Sociaal: Armoede, ondervoeding van de moeder, huiselijk geweld, gebrek aan prenatale zorg.
Gedragsmatig: Drugsgebruik van ouders.
Educatief: Beperking van ouders, gebrek aan onderwijsmogelijkheden.
Perinatale risicofactoren
Vind plaats tijdens of kort na de zwangerschap/geboorte!
Biomedisch: Prematuur, verwondingen tijdens de geboorte, zuurstoftekort, neonatale
stoornissen.
Sociaal: Gebrek aan geboortezorg.
Gedragsmatig: Weigering van ouders voor verzorging, verlating door ouders.
Educatief: Gebrek aan doorverwijzing voor interventies.
Postnatale risicofactoren
Vind plaats na de geboorte!
Biomedisch: Ondervoeding, traumatische hersenletsel, epilepsie, giftige stoffen.
Sociaal: Gebrek aan adequate stimulatie, armoede, chronische ziekte, institutionalisering.
Gedragsmatig: Kindermishandeling, huiselijk geweld.
Educatief: Uitgestelde diagnose, niet adequate interventies, niet adequate steun.
Welke comorbiliteit is vaak aanwezig bij een milde verstandelijke beperking?

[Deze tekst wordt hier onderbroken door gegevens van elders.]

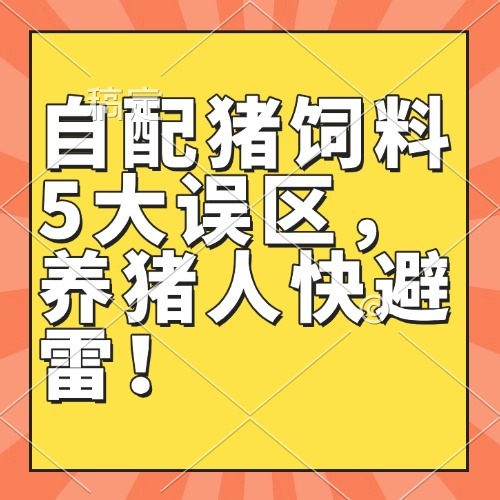 自配猪饲料5大误区，养猪人快避雷！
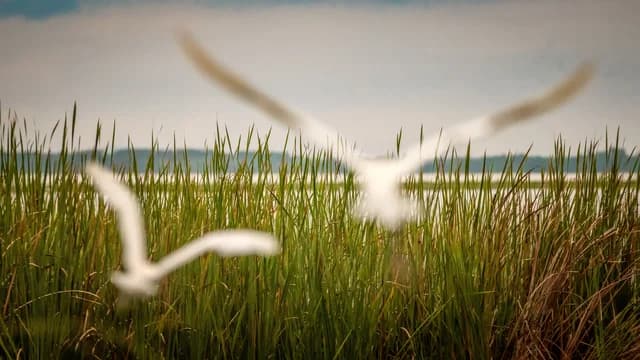 Birds Flying Over a Prairie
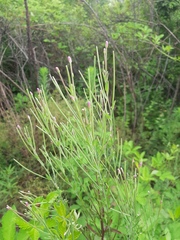 Epilobium tetragonum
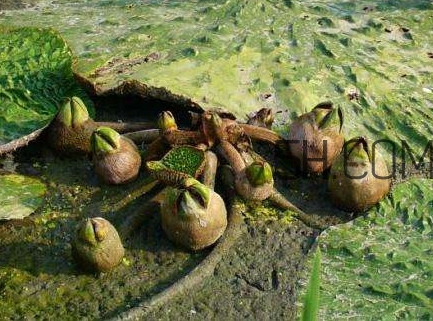芡实是长在哪里的,芡实是长在什么地方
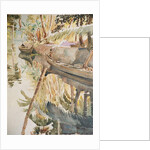 622 Sunrise, backwaters life by Clive Wilson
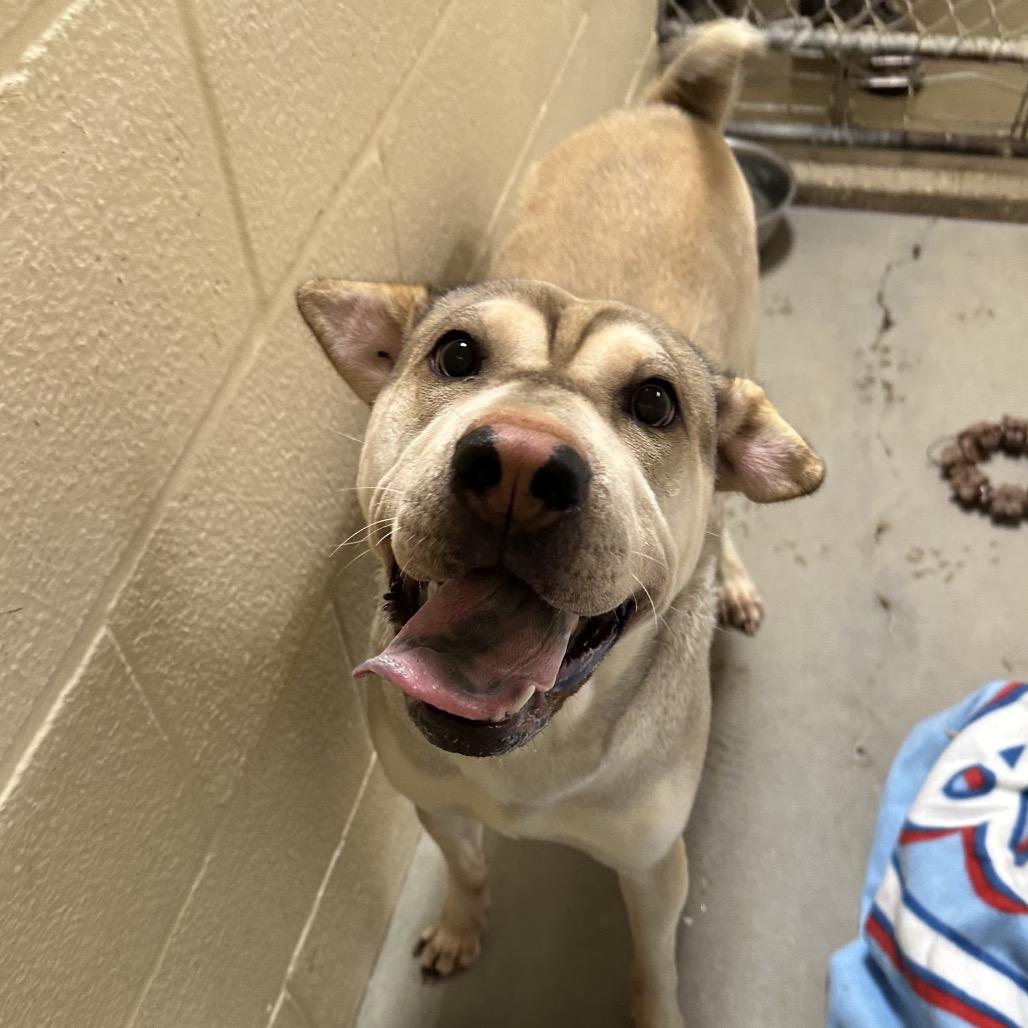 Enlarge Marcy, a Adoptable mixed breed in Palestine, TX image 1/1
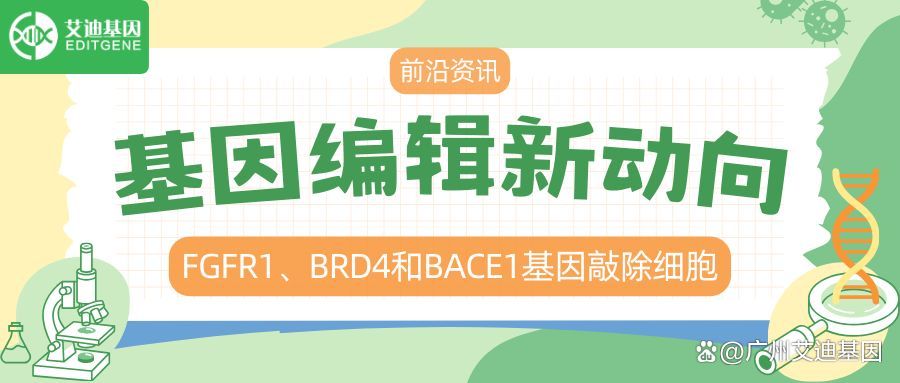 电子科技前沿最新资讯网(电子科技前沿最新资讯网站)下载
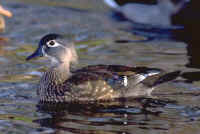 Wood Duck, female adult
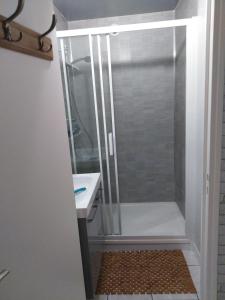 um chuveiro com uma porta de vidro ao lado de um lavatório em Gîte des trois vallees em Nouzonville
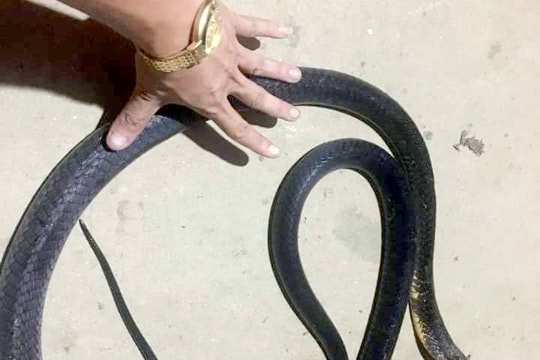 Người đàn ông ở Nghệ An tử vong khi cố bắt sống rắn hổ mang chúa dài gần 3 mét 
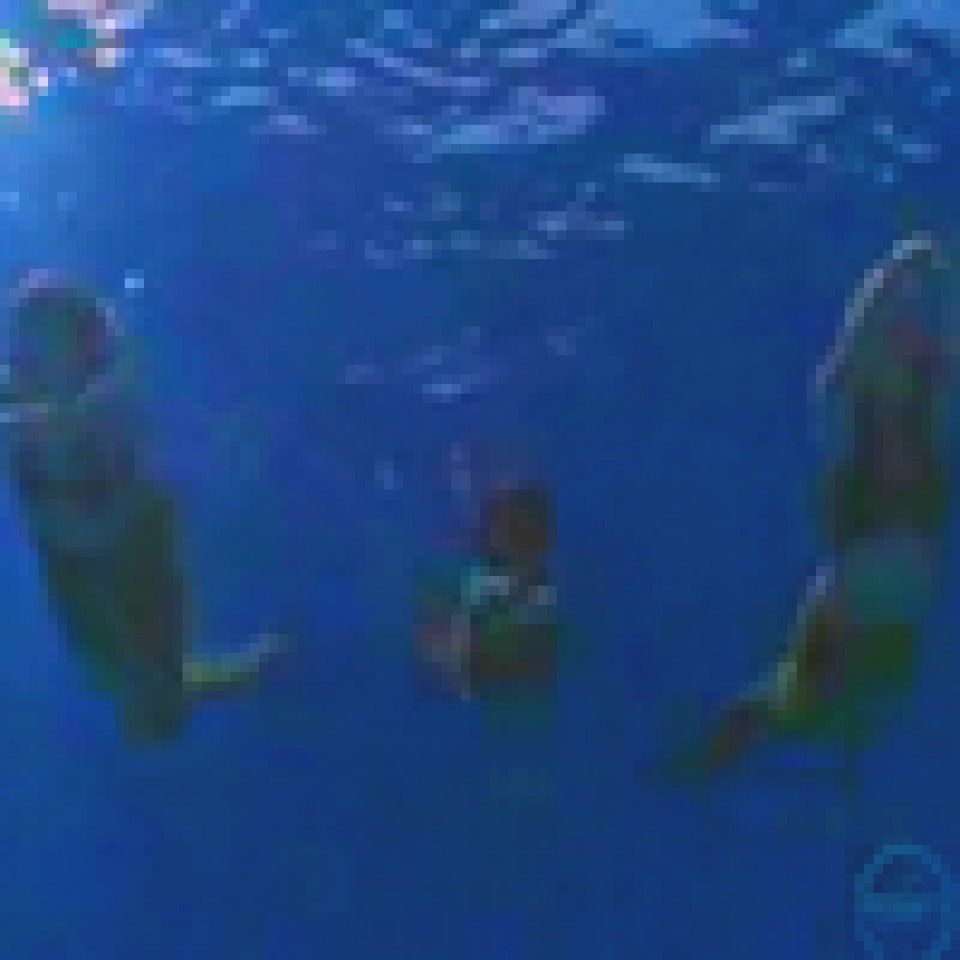 H2o-Avki - foto povečava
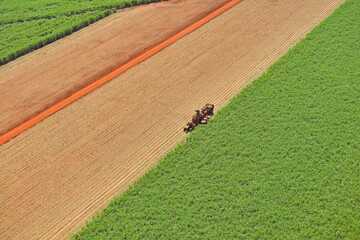 Colheita em Canavial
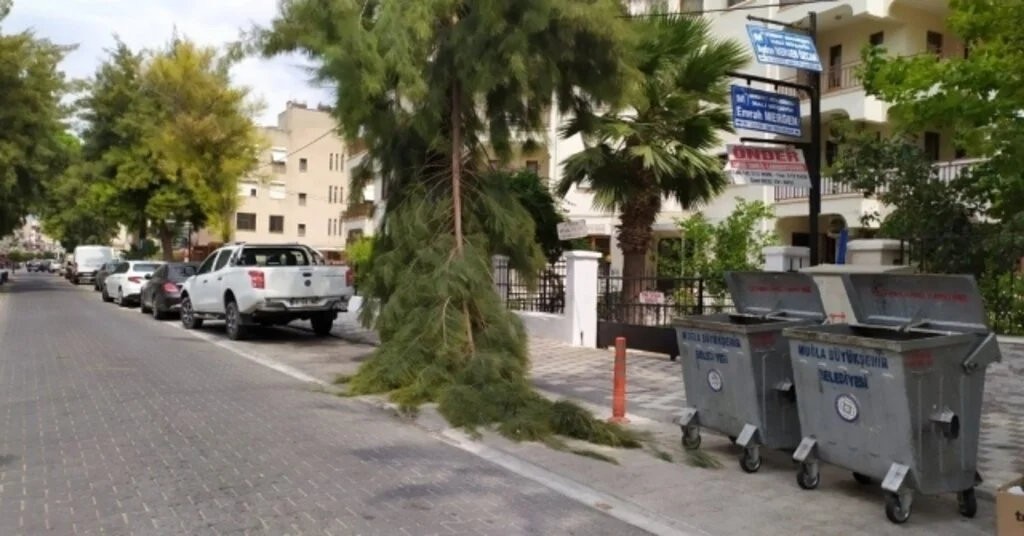 Milasta, Rüzgarın Etkisiyle Bir Çam Ağacının Dalı Kırıldı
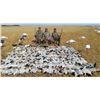 Image 1 : Saskatchewan 4 Day Fall Snow Goose Hunt For 3 Hunters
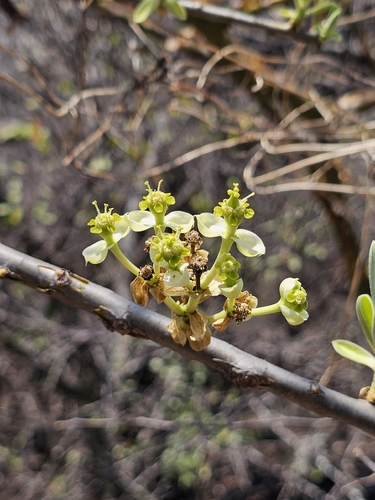Euphorbia tanquahuete, photograph 3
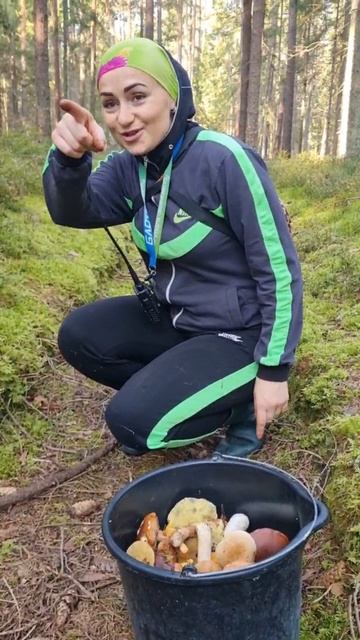 картина маслом, БЕЛЫЕ ГРИБЫ дорогами. полные лукошки. СМОТРЕТЬ ВСЕМ смотреть онлайн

Angsten, stemmingsstoornissen, externaliserende problemen zoals
ODD en ADHD.
Welke comorbiliteit is vaak aanwezig bij een ernstige verstandelijke beperking?
Autisme, zelfbeschadiging.
Waar kan problematisch gedrag aan gelinkt worden bij mensen met een verstandelijke beperking?
Communicatieproblemen
Waar ligt de focus van een interventie bij iemand met een verstandelijke beperking?
Bij interventie wordt niet de beperking zelf behandeld, zoals bij andere stoornissen, maar er wordt
gestreefd naar het maximaliseren van de potentie van een individu om te voldoen aan de
ontwikkelingseisen. Ook wordt er gestreefd naar het aanpassen van de omgeving, zodat deze beter
aansluit bij de beperkingen en sterktes van het kind.
wat is een Specific learning disorder
Stoornis gekenmerkt door onverwachte onderprestatie in lezen, schrijven
of rekenen.
Wat houdt temperament in?
Variaties in de reactiviteit van baby’s (bv. Aandacht, activiteit, humeur, stress) en de
regulatie van de reactiviteit. Deze variaties ontstaan door interacties tussen genetische, biologische
en omgevingsfactoren.
Noem de 3 biobehavioral shifts op in de babytijd
Tussen 2 en 3 maanden: Baby’s en verzorgers hebben een routine ontwikkeld met aankleden, voeden en ondersteuning.
Tussen 7 en 9 maanden: De meeste baby’s communiceren hun gevoelens en intenties door gebruik te maken van gebaren en geluidjes, ze spelen met speelgoed en hebben meerdere
routines.
Tussen 18 en 20 maanden: Peuters lopen en praten en ontdekken steeds onafhankelijker hun omgeving.
Surgency
Sociaal gedrag en positieve emoties.
Negative affectivity
Aanleg voor het ervaren van angst of frustratie/boosheid.
Effortful control
De pogingen van een kind om stimuli en reacties daarop te reguleren.
Verschillen in effortful control worden vaak verklaard door arousal en emotion.
Arousal: Het waarschuwen voor potentiële bedreigingen en beloningen. Te veel
arousal zorgt voor angst en boosheid.
Goed aangepaste kinderen beschikken over het volledige bereik van zowel positieve
als negatieve emoties en ervaringen.
Als we spreken over Dandelion children, wat zijn dit?
Kinderen die goed functioneren in allerlei omstandigheden, zowel in
positieve omgevingen als in meer stressvolle omgevingen.
Als we spreken over Orchid children, wat zijn dit?
Kinderen die minder goed functioneren in uitdagendere omgevingen.
Resistant attachment (or anxious/ambivalent attachment)
Ontstaat vaak door tegenstrijdigheid of
onvoorspelbaarheid van de opvoeder. Bv. op sommige dagen reageert de ouder wel op de behoefte aan affectie van een baby, maar op andere dagen weer niet.
Kinderen met deze hechting zijn vaak onzeker en angstig over zichzelf, hun opvoeder en situaties. Soms passen ze zich goed aan in een situatie, maar soms ook niet.
Avoidant attachment (or anxious/avoidant attachment)
Ontstaat vaak door ontoereikende zorg. Het
lukt opvoeders niet om het kind goed te beschermen of kalmeren. Ook kan de opvoeder opdringerig of overcontrolerend gedrag vertonen.
Kinderen met deze hechting lijken emotioneel afgesloten en afstandelijk en denken dat ze goede zorg niet waard zijn. Ze kunnen proberen voor zichzelf te zorgen of anderen op te zoeken voor zorg en comfort.